(Data extracts Opens)
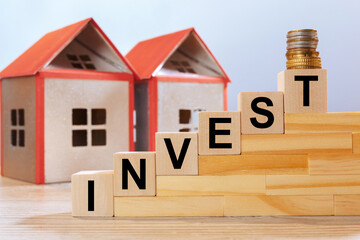 House models and inscription on wooden cubes - Invest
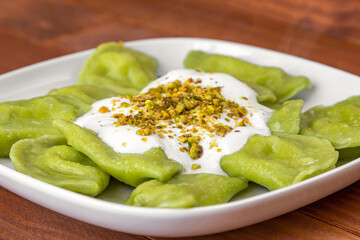 Close-up of traditional russian and ukrainian vegetarian green vareniki dumplings on a white plate, with sour cream and pistachios. Green dough colored with spinach juice. Ready to eat concept.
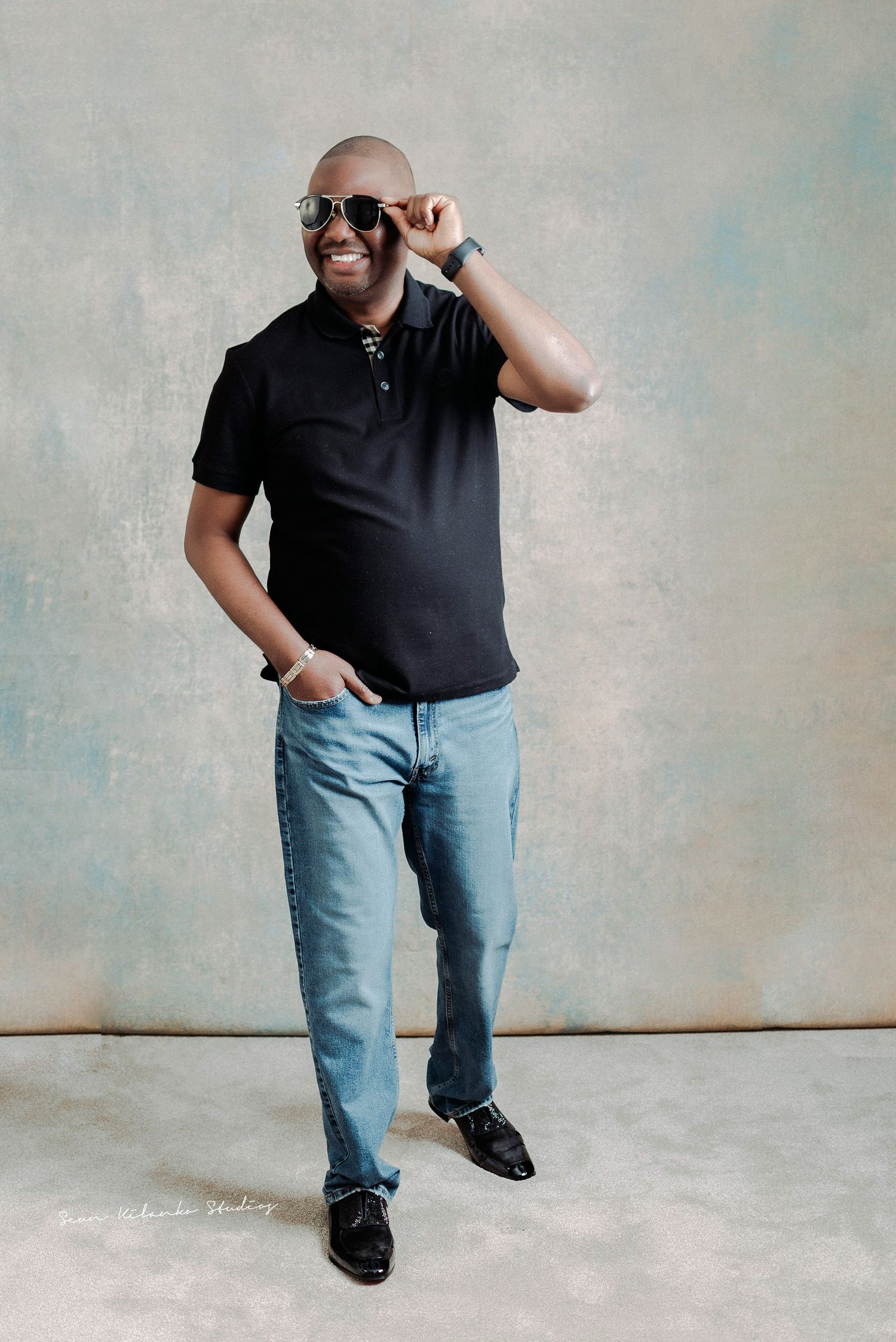 Casual portrait of someone in black polo and jeans with sunglasses against light background.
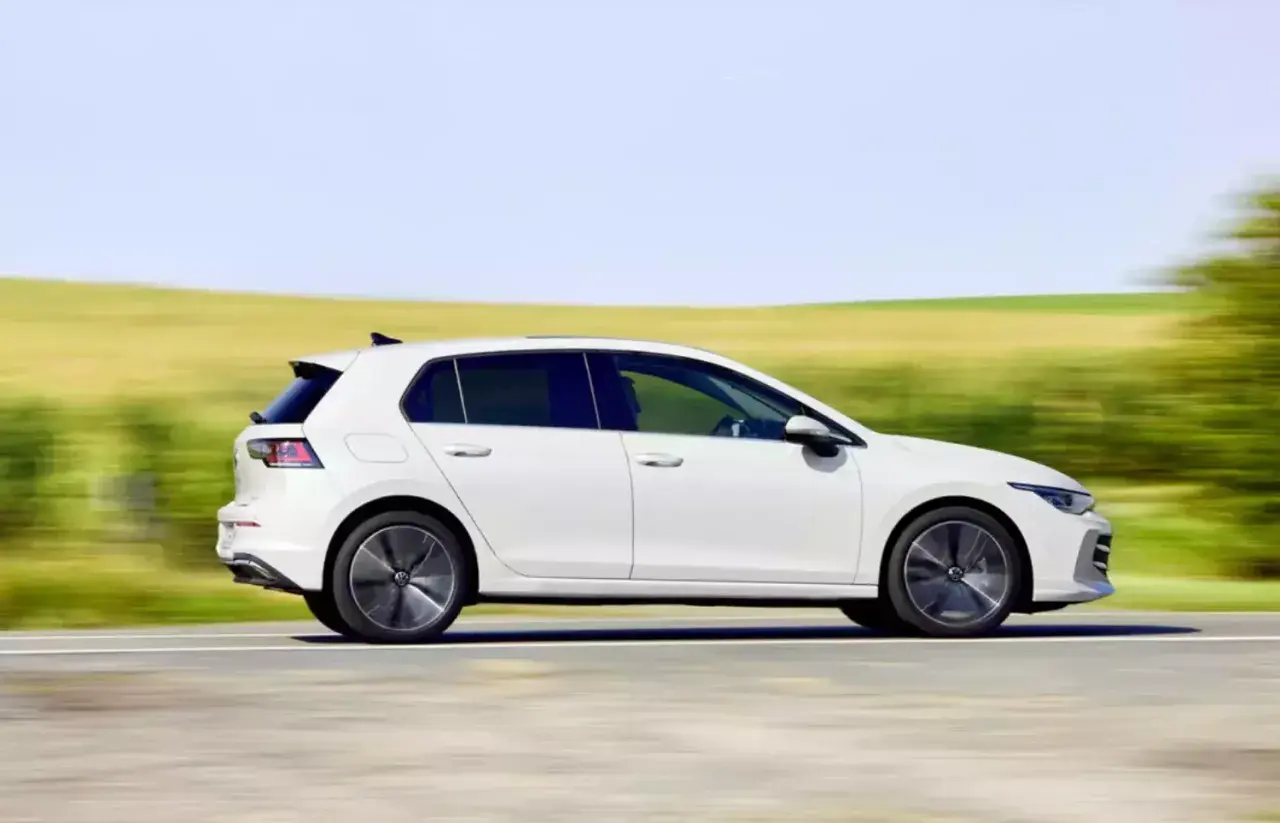 Biały hatchback pędzi po drodze, otoczony rozmytymi zielonymi polami i błękitnym niebem.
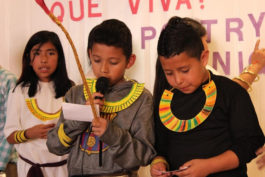 Student performing poetry they wrote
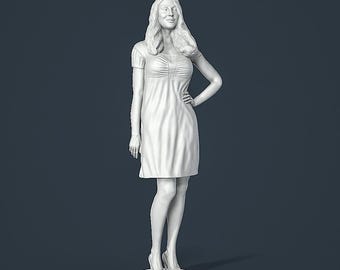 Può includere: Scultura bianca stampata in 3D di una donna con un vestito a maniche corte e tacchi. La figura è in piedi su una base circolare con una mano sul fianco. La donna ha lunghi capelli ondulati e sorride.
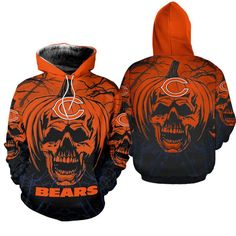 an orange and black hoodie with skulls on it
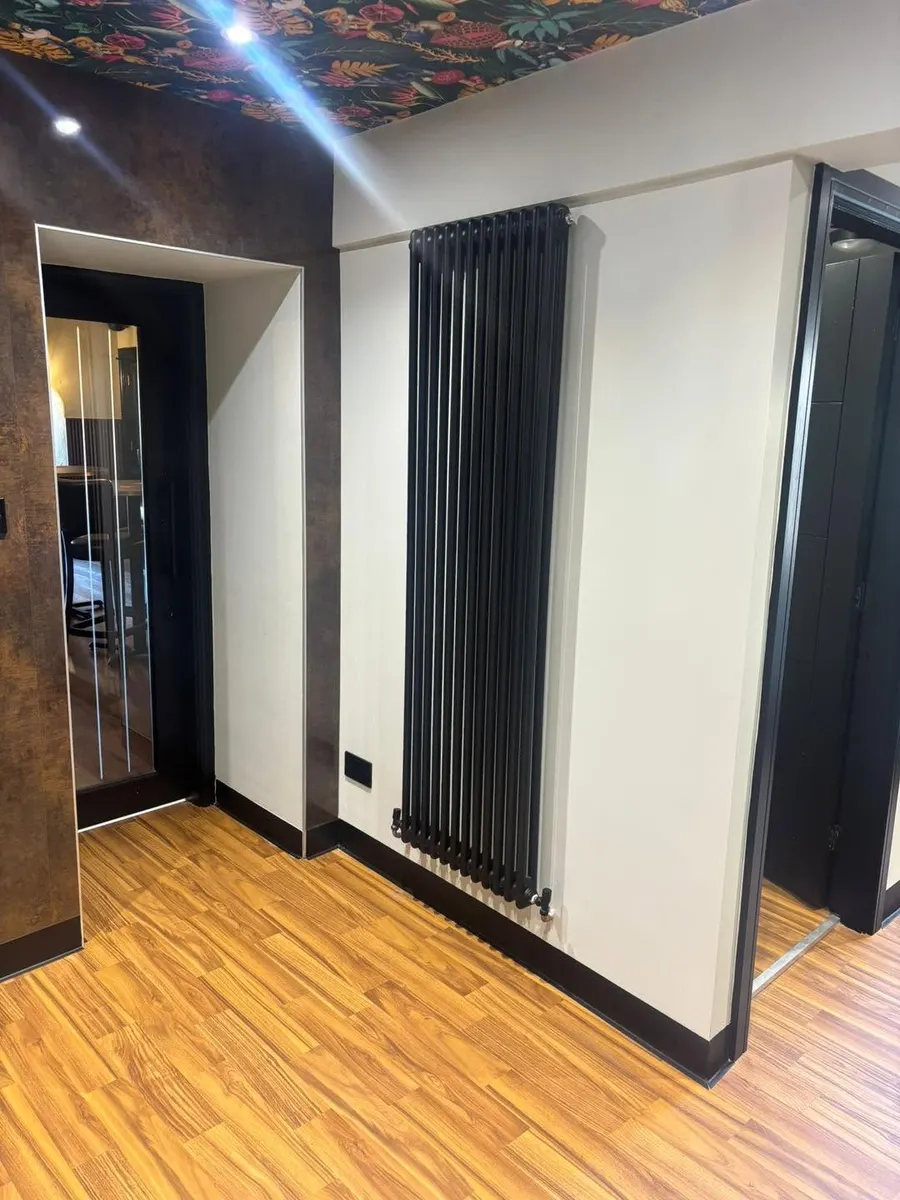 Tall black column radiator fitted in a hallway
(Data extracts Closes)
### Work instructions
Restate word for word the lines from the line with "Student performing poetry they wrote" to the last line of the records above, inclusive, and omit every picture.

### Task output
 Student performing poetry they wrote
 Può includere: Scultura bianca stampata in 3D di una donna con un vestito a maniche corte e tacchi. La figura è in piedi su una base circolare con una mano sul fianco. La donna ha lunghi capelli ondulati e sorride.
 an orange and black hoodie with skulls on it
 Tall black column radiator fitted in a hallway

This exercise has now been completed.